The clubhouse, which had been used as recently as Memorial Day on Monday, May 29, has been demolished to make way for the new Taco Bell restaurant that a developer paid the township $800,000 for permission to build, according to Mayor Tony Vauss.
“It’s gone,” Ed Kaiser, a longtime township resident, said Thursday, June 22. “They tore it down last week on Sunday, while everyone in town was busy doing something else. It was literally there one day and gone the next.”
Attempts to determine from local officials when construction on the new Taco Bell restaurant will begin were not successful by press time this week.
“The Servicemen’s Club was not being utilized in the best fashion that it should have been utilized,” Camptown VFW Post 1941 Senior Vice Commander William Powell said Saturday, May 13, during a Mother’s Day breakfast event.
Powell and former Camptown VFW Post Commander Lewis Johnson said their goal is to pass their skills on younger generations and individuals or groups in the community that could benefit from them. He said he doesn’t “want to die with them.”
“Each one teach one,” said Powell. “We’re all born teachers, so we’ve got to give back.”

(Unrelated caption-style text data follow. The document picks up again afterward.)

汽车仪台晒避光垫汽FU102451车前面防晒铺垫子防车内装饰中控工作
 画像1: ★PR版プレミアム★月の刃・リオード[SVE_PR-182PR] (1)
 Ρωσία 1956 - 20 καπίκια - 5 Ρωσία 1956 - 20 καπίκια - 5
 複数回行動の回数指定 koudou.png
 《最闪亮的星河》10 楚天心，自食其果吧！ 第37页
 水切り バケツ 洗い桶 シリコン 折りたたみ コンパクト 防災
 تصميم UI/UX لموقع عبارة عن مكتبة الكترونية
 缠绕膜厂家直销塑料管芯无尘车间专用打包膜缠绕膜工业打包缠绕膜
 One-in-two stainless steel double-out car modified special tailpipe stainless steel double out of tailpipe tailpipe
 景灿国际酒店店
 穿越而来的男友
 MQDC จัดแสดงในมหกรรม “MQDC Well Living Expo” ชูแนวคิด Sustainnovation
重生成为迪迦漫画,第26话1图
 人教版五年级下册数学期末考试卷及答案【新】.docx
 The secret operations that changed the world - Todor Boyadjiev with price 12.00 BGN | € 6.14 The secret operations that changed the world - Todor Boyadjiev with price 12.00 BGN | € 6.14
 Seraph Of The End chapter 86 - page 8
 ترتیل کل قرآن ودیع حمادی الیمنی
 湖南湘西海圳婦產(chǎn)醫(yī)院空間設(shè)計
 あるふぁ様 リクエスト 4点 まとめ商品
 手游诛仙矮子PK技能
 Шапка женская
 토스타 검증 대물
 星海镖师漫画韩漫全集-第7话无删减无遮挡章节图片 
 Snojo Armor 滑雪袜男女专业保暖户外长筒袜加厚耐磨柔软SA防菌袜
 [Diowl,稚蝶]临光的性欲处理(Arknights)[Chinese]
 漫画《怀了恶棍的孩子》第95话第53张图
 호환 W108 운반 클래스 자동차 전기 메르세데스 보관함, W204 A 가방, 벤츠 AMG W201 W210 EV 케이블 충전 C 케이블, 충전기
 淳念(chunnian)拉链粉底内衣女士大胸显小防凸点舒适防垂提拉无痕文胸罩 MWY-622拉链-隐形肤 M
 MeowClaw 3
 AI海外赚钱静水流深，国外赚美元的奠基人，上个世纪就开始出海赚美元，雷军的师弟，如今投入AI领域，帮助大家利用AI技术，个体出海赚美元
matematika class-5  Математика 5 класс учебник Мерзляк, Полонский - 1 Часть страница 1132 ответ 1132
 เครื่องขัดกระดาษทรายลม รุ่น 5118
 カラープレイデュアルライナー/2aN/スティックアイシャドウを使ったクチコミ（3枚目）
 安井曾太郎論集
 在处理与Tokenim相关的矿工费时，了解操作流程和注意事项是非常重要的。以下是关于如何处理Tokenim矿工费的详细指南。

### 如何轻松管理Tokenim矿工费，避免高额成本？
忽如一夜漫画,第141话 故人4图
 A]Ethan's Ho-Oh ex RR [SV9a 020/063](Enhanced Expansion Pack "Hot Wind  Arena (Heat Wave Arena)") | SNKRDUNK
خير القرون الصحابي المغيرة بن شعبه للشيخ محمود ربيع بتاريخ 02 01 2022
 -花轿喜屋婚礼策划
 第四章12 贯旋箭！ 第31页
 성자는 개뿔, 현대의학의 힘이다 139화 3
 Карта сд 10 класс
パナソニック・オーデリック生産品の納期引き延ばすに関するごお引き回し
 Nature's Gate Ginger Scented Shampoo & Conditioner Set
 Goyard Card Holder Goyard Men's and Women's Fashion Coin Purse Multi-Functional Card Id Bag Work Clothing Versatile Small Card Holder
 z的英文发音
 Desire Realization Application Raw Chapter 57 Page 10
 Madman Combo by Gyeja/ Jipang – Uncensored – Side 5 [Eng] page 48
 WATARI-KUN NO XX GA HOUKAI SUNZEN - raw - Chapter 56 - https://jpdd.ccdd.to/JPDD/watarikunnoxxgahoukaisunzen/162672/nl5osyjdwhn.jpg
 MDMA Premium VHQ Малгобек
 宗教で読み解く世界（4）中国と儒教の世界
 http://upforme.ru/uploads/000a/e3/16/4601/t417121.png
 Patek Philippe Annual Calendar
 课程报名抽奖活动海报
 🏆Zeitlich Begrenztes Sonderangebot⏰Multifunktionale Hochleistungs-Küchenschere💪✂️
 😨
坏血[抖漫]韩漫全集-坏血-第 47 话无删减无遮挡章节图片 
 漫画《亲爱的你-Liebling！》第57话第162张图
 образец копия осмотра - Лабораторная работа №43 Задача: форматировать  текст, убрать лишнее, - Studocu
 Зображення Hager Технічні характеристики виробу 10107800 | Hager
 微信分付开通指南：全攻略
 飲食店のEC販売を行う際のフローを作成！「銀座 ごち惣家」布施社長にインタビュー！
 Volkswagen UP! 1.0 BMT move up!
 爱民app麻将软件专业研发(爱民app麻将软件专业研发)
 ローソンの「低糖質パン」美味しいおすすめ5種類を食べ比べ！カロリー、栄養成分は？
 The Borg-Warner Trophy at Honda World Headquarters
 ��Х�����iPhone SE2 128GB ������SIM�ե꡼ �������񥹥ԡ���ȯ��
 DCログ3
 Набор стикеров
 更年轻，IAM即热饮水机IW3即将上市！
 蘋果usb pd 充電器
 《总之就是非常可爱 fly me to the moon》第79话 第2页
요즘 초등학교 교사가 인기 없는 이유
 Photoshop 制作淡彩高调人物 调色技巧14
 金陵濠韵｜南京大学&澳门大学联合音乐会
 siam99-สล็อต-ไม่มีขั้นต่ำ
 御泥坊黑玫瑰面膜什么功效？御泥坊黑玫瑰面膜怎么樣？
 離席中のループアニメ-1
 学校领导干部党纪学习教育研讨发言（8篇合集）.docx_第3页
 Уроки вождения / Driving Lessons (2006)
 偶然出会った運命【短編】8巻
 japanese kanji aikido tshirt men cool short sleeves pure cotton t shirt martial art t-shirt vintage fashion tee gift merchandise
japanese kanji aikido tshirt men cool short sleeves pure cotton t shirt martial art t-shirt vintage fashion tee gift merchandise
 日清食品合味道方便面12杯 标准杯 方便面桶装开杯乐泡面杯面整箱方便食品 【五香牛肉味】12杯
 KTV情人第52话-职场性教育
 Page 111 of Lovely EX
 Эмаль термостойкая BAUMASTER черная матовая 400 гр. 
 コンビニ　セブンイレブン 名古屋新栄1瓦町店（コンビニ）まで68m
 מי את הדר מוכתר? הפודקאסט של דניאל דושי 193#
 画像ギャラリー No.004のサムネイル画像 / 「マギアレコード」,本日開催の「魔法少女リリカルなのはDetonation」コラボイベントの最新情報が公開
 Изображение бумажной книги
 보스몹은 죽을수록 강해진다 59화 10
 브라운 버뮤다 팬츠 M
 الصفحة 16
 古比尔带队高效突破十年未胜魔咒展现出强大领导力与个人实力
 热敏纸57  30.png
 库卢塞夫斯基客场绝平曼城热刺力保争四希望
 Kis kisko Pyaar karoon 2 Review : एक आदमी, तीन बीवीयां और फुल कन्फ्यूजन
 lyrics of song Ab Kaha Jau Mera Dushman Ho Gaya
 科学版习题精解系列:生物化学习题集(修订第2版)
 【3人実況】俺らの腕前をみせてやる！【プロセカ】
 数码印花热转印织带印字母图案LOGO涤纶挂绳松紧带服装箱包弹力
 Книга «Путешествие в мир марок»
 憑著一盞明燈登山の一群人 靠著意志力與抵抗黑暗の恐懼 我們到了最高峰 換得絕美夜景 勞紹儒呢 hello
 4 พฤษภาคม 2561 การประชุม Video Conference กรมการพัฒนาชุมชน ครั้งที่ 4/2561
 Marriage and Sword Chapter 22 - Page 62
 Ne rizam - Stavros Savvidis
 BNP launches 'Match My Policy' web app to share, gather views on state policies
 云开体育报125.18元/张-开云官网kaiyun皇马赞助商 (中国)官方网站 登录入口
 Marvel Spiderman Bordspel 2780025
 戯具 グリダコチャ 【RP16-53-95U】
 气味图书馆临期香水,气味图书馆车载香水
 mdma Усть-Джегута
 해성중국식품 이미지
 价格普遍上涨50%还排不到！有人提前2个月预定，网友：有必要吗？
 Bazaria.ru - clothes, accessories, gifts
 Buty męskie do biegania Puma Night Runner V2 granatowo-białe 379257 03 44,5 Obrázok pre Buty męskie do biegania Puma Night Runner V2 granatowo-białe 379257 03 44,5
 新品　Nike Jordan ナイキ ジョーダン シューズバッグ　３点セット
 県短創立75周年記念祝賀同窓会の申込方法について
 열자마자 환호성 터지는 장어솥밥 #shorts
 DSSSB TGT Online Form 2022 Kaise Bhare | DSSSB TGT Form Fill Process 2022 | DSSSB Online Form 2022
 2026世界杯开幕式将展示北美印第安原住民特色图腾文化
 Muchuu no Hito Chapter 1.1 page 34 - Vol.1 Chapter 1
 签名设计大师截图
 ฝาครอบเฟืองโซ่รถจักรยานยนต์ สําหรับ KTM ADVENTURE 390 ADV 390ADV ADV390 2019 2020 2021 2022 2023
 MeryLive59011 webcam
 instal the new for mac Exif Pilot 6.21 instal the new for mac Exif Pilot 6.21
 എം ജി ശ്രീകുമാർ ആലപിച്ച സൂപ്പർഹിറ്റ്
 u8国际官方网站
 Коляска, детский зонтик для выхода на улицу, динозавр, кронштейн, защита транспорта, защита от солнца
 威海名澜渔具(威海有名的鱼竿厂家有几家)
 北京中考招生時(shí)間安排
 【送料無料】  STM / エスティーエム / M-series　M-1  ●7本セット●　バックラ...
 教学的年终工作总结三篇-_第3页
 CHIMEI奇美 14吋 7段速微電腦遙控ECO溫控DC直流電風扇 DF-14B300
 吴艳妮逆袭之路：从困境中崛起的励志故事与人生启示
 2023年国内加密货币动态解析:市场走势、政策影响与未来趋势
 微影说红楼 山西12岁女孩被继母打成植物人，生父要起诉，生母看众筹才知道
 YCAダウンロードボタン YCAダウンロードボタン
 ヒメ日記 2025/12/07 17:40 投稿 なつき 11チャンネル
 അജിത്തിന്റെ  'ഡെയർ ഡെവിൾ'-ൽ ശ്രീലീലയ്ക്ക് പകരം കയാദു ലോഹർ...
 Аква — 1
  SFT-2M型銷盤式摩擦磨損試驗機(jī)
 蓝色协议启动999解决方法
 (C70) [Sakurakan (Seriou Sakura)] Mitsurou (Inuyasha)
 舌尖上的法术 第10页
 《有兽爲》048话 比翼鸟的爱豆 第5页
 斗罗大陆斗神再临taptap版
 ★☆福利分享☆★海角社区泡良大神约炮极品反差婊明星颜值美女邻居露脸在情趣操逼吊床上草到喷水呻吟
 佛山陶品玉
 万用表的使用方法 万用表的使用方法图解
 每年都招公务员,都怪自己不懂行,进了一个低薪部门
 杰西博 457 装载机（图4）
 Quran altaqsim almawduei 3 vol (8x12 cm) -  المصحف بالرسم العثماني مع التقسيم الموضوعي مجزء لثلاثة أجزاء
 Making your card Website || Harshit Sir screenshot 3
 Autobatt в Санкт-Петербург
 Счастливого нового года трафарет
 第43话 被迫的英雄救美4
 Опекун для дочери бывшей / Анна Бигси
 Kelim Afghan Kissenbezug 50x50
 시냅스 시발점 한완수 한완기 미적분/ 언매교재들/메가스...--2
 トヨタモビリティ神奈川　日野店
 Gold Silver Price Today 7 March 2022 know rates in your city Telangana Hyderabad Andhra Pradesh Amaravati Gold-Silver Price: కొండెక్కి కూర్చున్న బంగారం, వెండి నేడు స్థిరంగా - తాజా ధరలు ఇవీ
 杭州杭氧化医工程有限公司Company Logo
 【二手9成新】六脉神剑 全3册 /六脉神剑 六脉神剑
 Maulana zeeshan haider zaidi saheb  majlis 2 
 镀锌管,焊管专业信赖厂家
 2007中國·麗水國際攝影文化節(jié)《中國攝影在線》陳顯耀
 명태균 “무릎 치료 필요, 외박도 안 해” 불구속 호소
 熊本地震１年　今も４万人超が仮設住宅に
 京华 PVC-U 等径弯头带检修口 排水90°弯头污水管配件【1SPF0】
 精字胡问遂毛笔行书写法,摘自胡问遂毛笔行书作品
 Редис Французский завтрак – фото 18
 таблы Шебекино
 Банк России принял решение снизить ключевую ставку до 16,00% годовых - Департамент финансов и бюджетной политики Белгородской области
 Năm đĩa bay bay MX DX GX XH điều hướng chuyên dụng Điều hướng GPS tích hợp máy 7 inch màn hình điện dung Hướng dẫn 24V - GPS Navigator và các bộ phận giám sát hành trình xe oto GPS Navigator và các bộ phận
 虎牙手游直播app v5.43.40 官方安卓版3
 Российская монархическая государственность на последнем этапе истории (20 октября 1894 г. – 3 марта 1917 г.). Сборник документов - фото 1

“It’s a shame that we’re going to lose the facility, but we tried to take steps to stop the procedures that were going on,” Johnson said Sept. 3, 2016, after Brenda Jenkins of the Volunteer Network for Veterans group tried to mount a last-ditch effort to save the old building with a failed attempt to have it designated a historical site. “What happened was, there were a lot of things that were not in play. We met with Brenda, so we went out there in support of her. The main thing is they couldn’t prove that the building was historical and, because they couldn’t prove that land and site were historical, they couldn’t stop the deal.”
Jenkins could not be reached for comment about the Servicemen’s Clubhouse demolition by press time this week.